Now, this is a small example. I admit, as we keep talking about bending the cost curve. But this just a great example of what I'm talking because it began as a competitive program and it has begun to morph into something other than a competitive program because now half of the money this year will be earmarked, leaving only $10 million for a competitive program. So if your state doesn't get an earmark, either in the House or in the Senate in the bill, then the chances of your state getting any of the money out of this program have been cut in half. It is only $10 million for the whole country for these grants which are to restore America's treasures, historic treasures across the country. That's a problem.
 
Now, is this an isolated problem?
          
No. No. In fairness to this subcommittee, this is a little problem compared to some of the other competitive grant programs that have been raided for earmarking. The hijacking of public money for earmarking from the competitive grant bus is going on everywhere and let me give you another couple of examples.
 
Last week when we did the transportation, housing and urban development appropriation, there were two good examples. They are programs that began to provide competition to valued programs across the country. The first one is the Neighborhood Initiative, and that is at HUD, the Housing and Urban Development Department. In1998, Congress created this department. Now, the interesting thing is it was created to help people that were doing welfare-to-work projects -- great intentions, great program. Ironically, HUD began granting these awards to people based on the competitive criterion this Congress had given them. Congress passes the program, funds the program and tells HUD these are the competitive basis on which you should make these grants.  
 
There were no earmarks in 1998 after Congress created the program.
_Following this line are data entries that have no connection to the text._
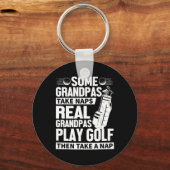 Echte grootvaders spelen golf grappige golf grootv sleutelhanger (Voorkant)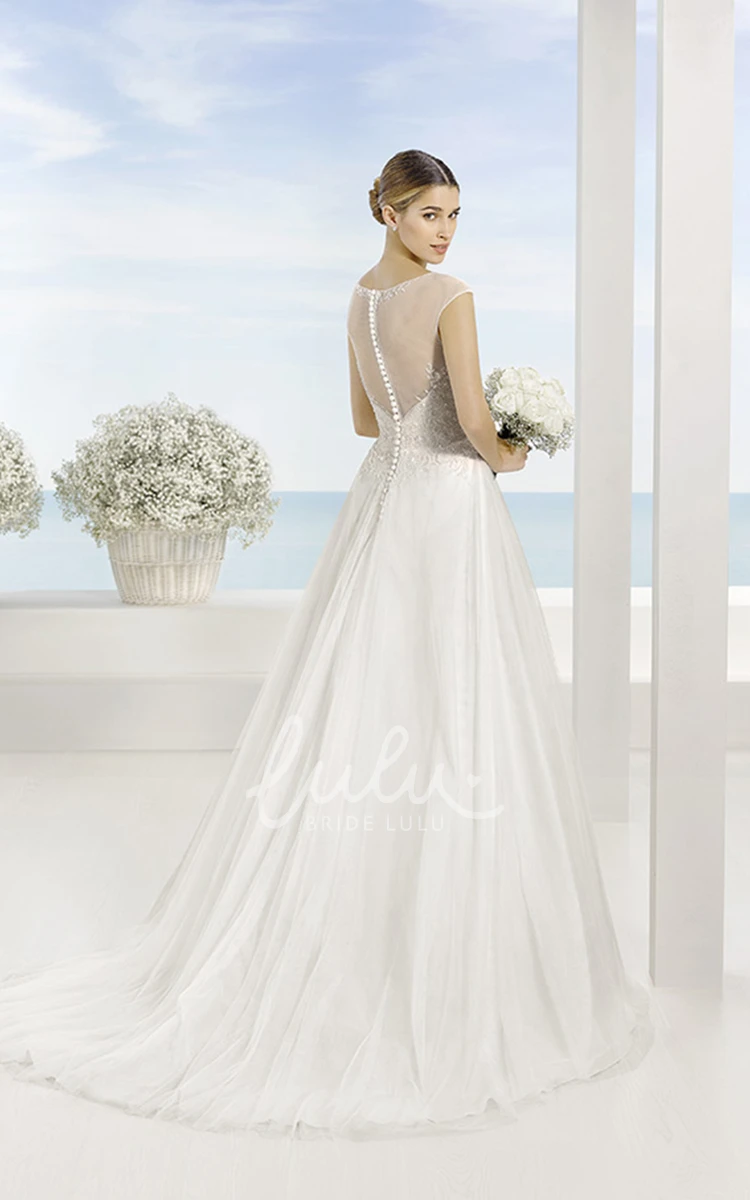 Appliqued One-Shoulder Tulle Wedding Dress Long & Flowy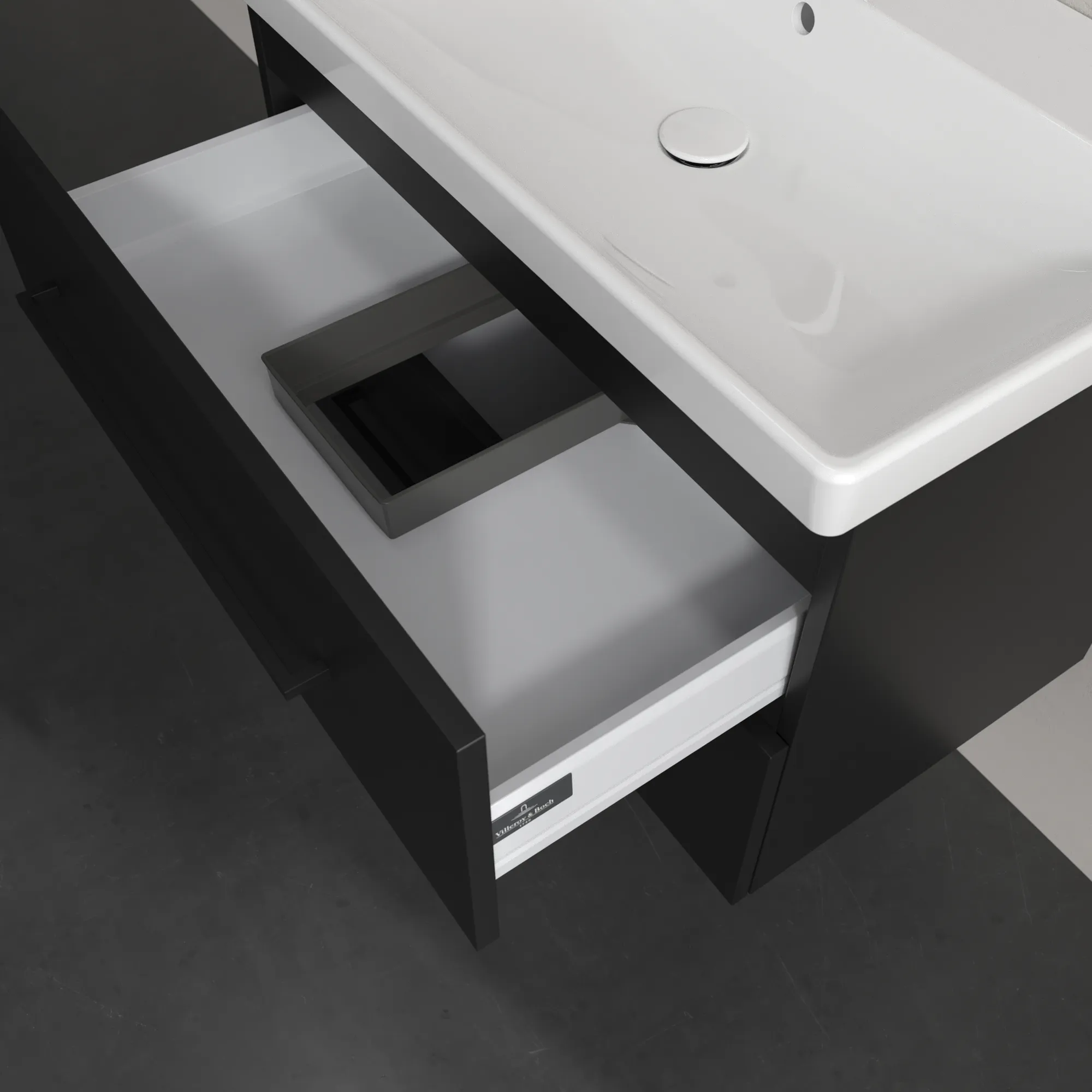 Villeroy & Boch Waschtischunterschrank „Avento“ für Schrankwaschtisch 780 × 514 × 452 mm Volcano Black, Soft Closing Villeroy & Boch Waschtischunterschrank „Avento“ für Schrankwaschtisch 780 × 514 × 452 mm Volcano Black, Soft Closing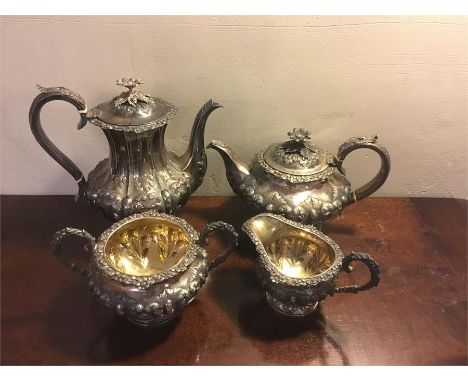 Decorative 4 piece silver tea service London 1843 poss. W Hunter approx. 79 ozt.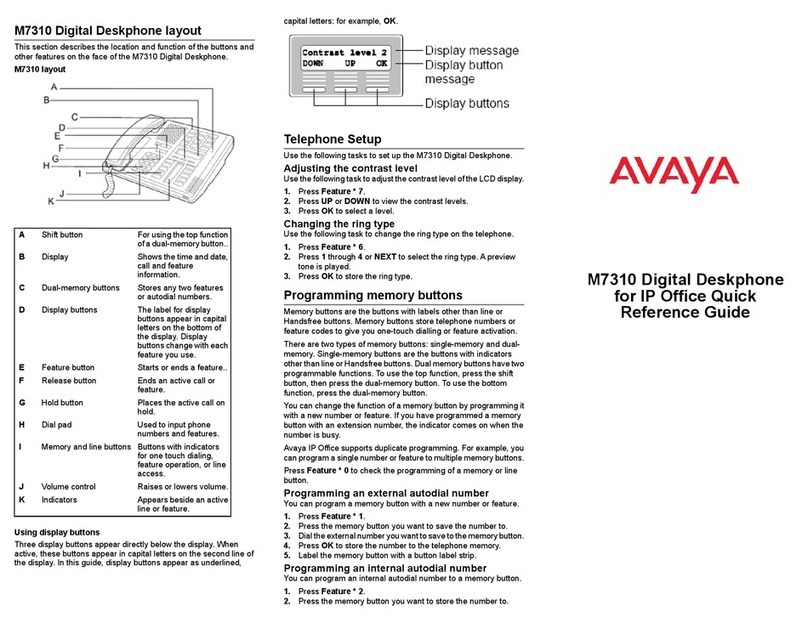 Avaya Norstar M7310 User manual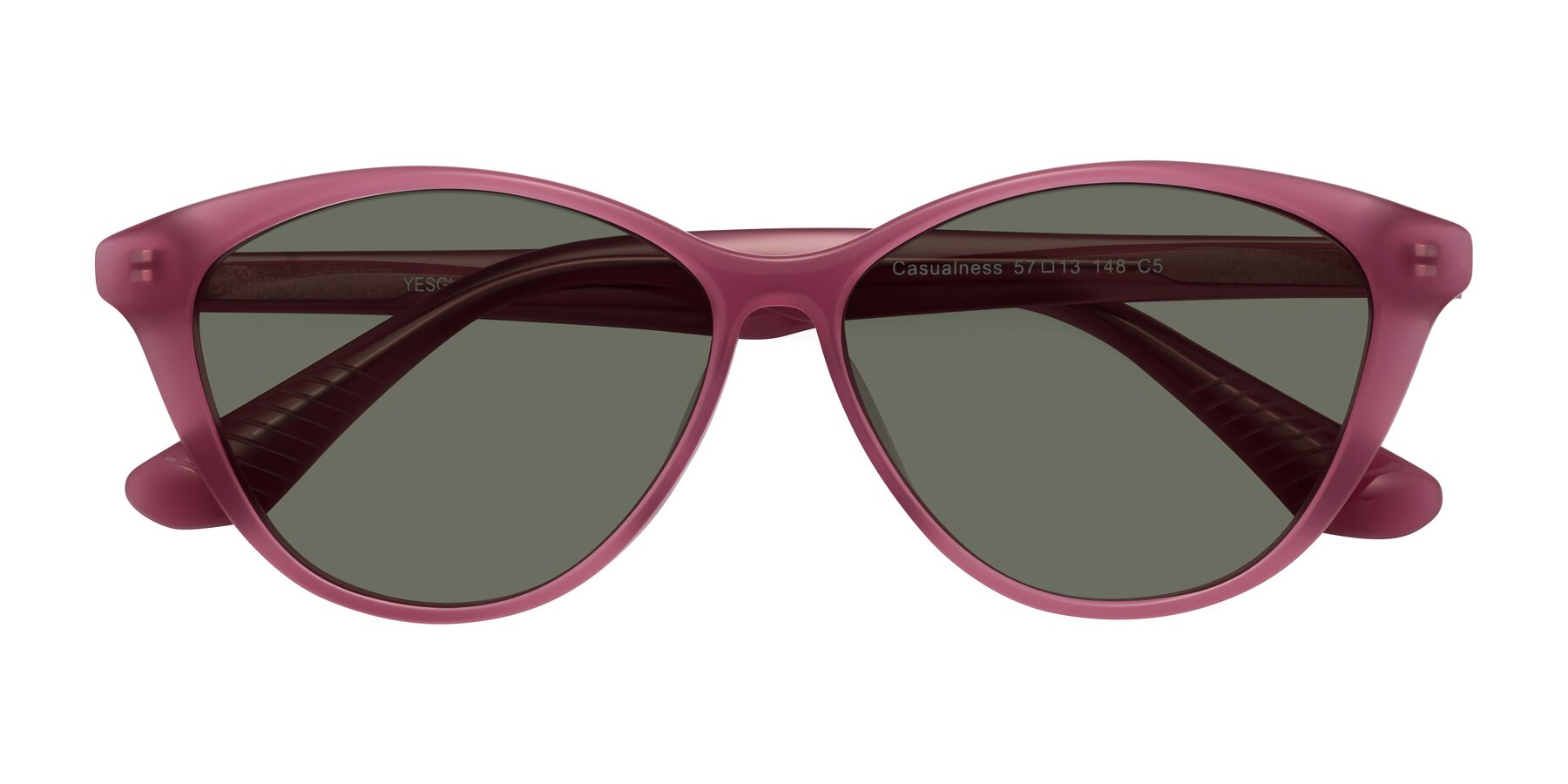 Folded Front of Casualness in Pink with Gray Polarized Lenses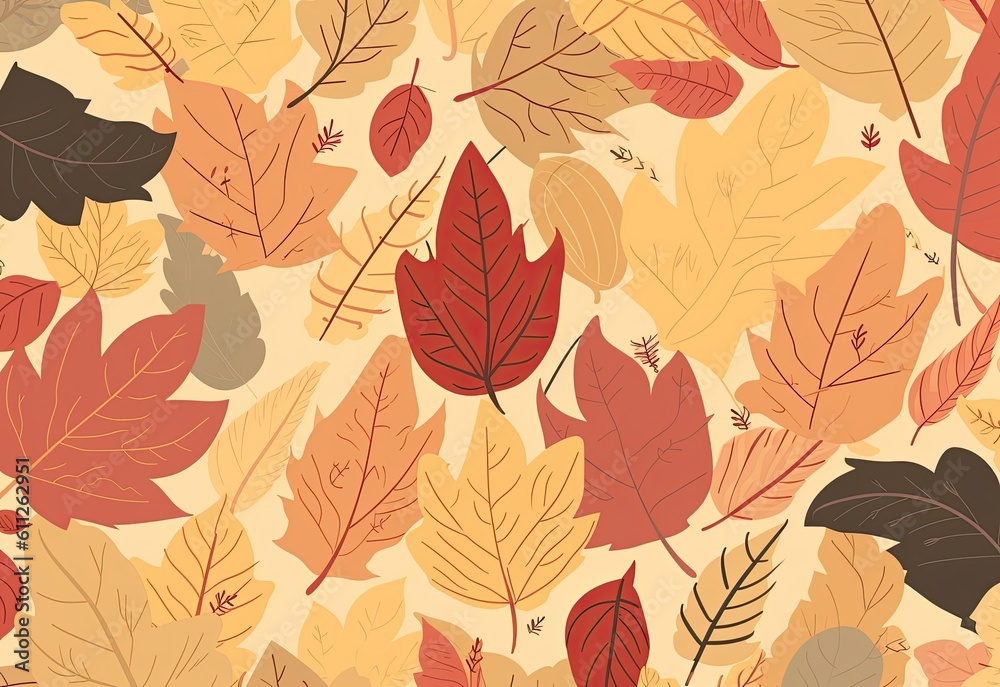 Autumn falling colorful leaves. Generative AI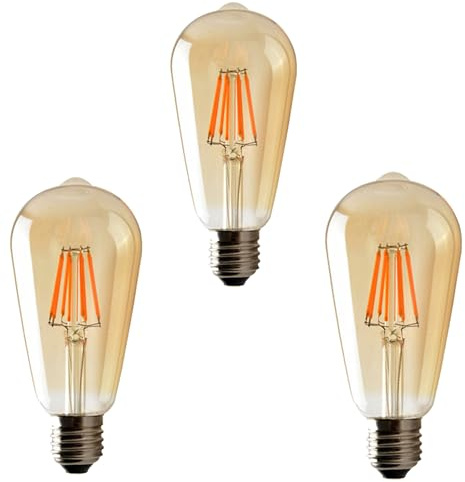 LEDSone 3‑Pack LED Edison Bulb ST64, 4W E27 2700K Warm White, Vintage Amber Glass, Dimmable LED Filament, Antique Retro Style Light, 240V, 40W Equivalent for Pendant, Café, Bar, Home Décor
Beginning in 2001, however, every dime in this program under the Neighborhood Initiative program has gone to earmarks. Once again, a competitive merit process morphs over into a completely earmarked process.
 
Now, how about another example of a program?
          
The Economic Development Initiative, also in HUD, Congress introduced the program in 1994. Once again, a congressional program. Funds were to be awarded competitively, and for the first couple of years, they were. EDI funds were awarded competitively. Congress started earmarking the account beginning in 1998. By 2001, the entire account was earmarked. So Congress began it as a good idea, said do it competitively. By 2001, competition was gone. Ironically, the statute that sets out the criteria for competitive EDI is still on the books. It's still in the law, but we no longer follow it because there's been a decision to morph that competitive program into an earmarked program.
 
I just think that competition is a good thing, and this isn't about a bureaucrat somewhere sprinkling fairy dust and supplementing their judgment for the judgment of Congress. The examples I have given were programs that were designed to be competitive and in two of three instances, they were designed to be competitive by Congress itself, and somehow, they have morphed over into a pecking order of priorities based on someone's seniority or the committee they serve on or even if they're in some political trouble. It seems like to me a goofy way to spend money, especially the public's money.
 
So I would ask my colleagues to consider this amendment. All it does is restore the program to a competitive basis and allow every state to compete on the same basis for the money in that competitive program. And when the time is right, I will call up the amendment once the rules allow me to do so. And I yield the floor. Thank you.